Дочь заревела громче, уткнувшись в шею отца. Пелагия выругалась, озираясь, плюнула под ноги мужу, побежала за острог, на болото. «Тимофею и скитницам жаловаться!» — с облегчением подумал Иван и понес обратно плачущую дочь. Неумело успокаивал ее.
Увидев их, Якунька выглянул из-за глухой угловой башни, посмотрел вслед матери и осторожно двинулся за отцом.

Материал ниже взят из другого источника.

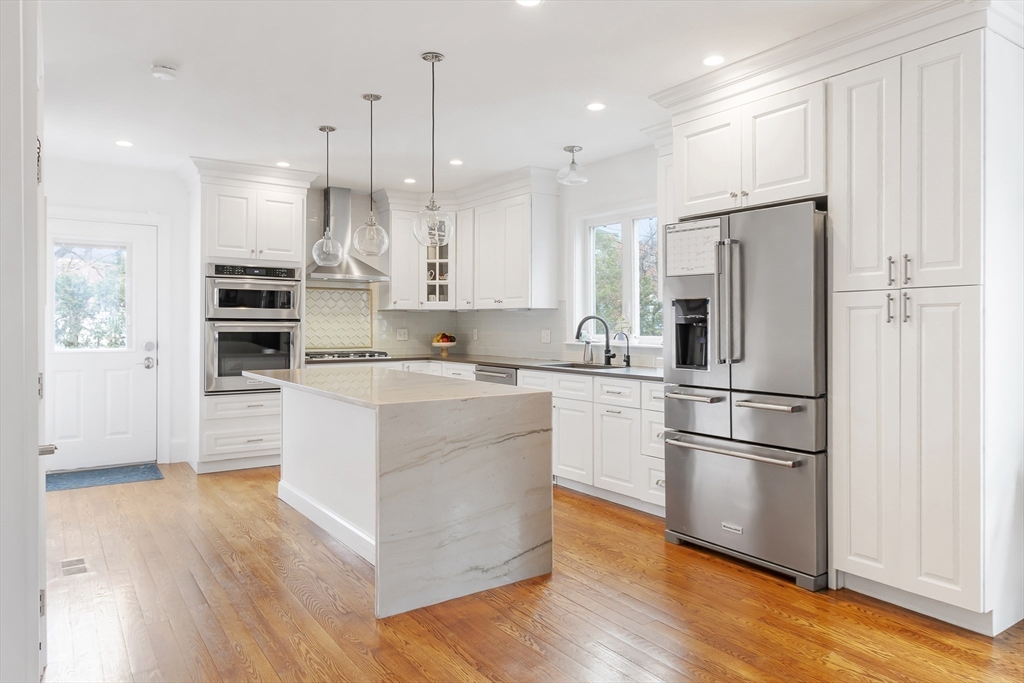 46 Washburn Street, Unit 46 Watertown, MA 02472 - Photo 6 of 36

— Ну, не реви! — гладил дочь Иван. — Повздорили с мамкой. Мы всю жизнь с ней спорим. Что с того? Спать со мной будешь. Тетка Савина накормит.
— Мамку жалко! — прерывисто вздыхая, дочь зашмыгала носом. Ее жаркое дыхание грело Ивана под бородой. Горячие слезы щекотали шею.
— Добрая ты! — он вздохнул всей грудью и крепче обнял дочь. — А лицом в мать. Красавицей будешь. Судьбу бы тебе еще вымолить добрую.
Якунька шагал под боком и молчал, посапывал носом, прислушивался к бормотанию отца.
— А чей хлеб будем есть у тетки Савины? — спросил вдруг не по-детски настороженно и строго.
— Мой, конечно! — удивленно буркнул Иван. — Не монастырский же. И у Тереха мой ели, и здесь. Не нищие, слава богу! Мы — люди служилые, с государева жалованья живем, с оклада.
На третий день Пелагия все же выкрала дочь. Но два дня Иван прожил счастливо. И долго те воспоминания грели его душу у костров. Вскоре он стал собирать обоз на Маковский острог за рожью да по наказу воеводы должен был проверить там амбары и ясачные книги, осмотреть гостиный двор. Торговые снова жаловались на маковцев.
Загружая обоз, Иван столкнулся со скитницей Стефанией Кошелевой, которую знал давно. Монашенка испуганно взглянула на сына боярского и отскочила, как от чумного. Крестясь, понеслась в обратную сторону.